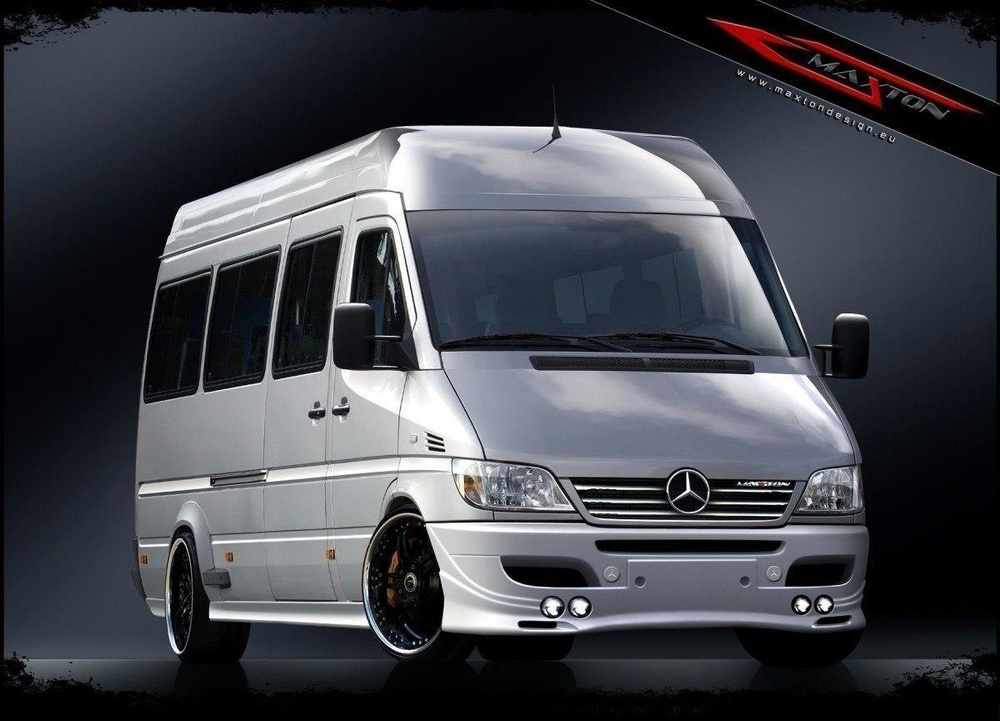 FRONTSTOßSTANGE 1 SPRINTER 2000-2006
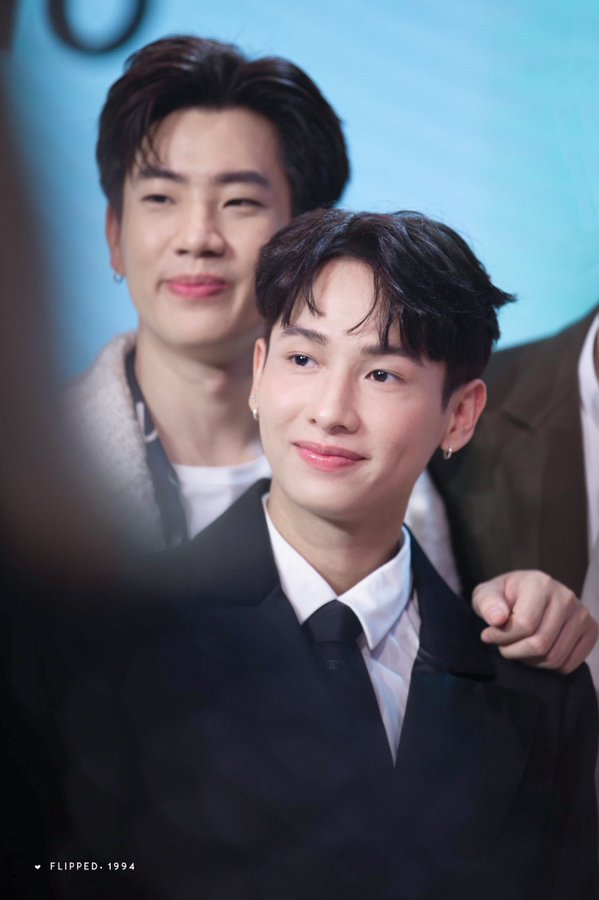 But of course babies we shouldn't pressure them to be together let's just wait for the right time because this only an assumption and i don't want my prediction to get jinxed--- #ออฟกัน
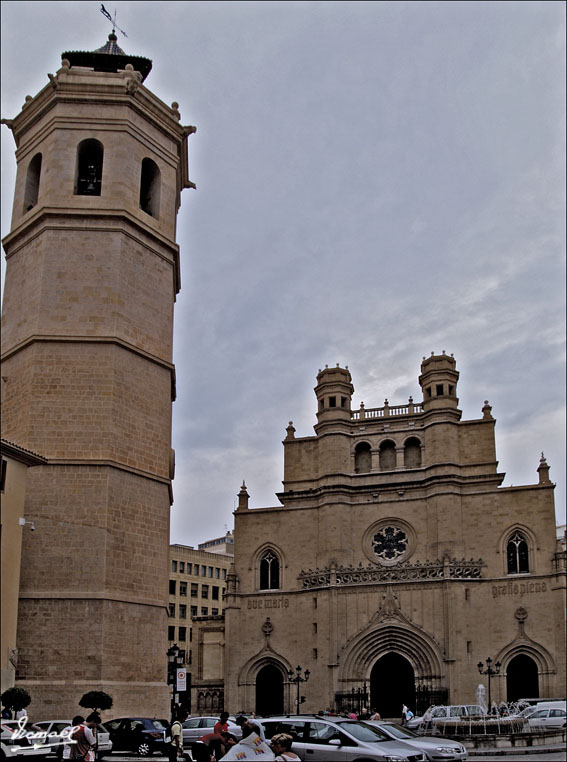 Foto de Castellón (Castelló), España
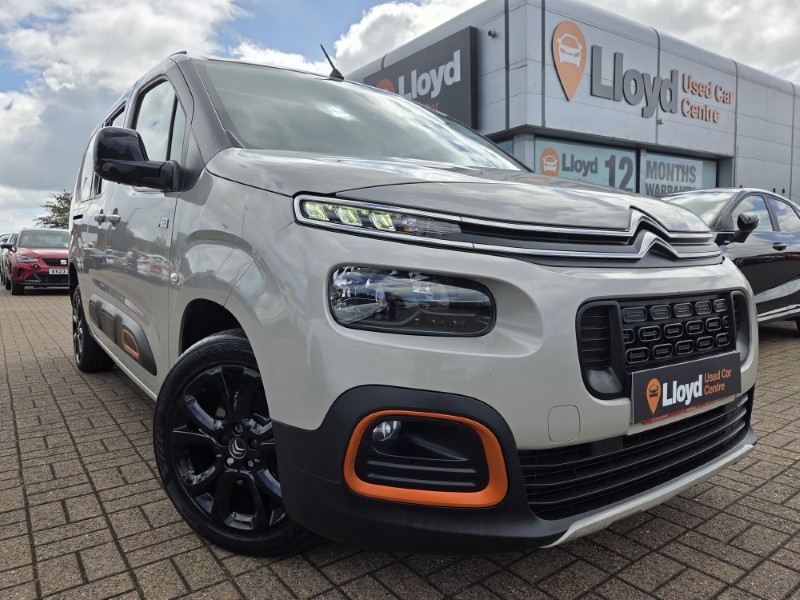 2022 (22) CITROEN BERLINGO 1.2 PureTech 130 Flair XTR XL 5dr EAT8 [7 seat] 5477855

########################################

* **TASK REQUIREMENTS**
Repeat the data word for word, minus any pictures.

* **WRITTEN SOLUTION**
 FRONTSTOßSTANGE 1 SPRINTER 2000-2006
 But of course babies we shouldn't pressure them to be together let's just wait for the right time because this only an assumption and i don't want my prediction to get jinxed--- #ออฟกัน
 Foto de Castellón (Castelló), España
 2022 (22) CITROEN BERLINGO 1.2 PureTech 130 Flair XTR XL 5dr EAT8 [7 seat] 5477855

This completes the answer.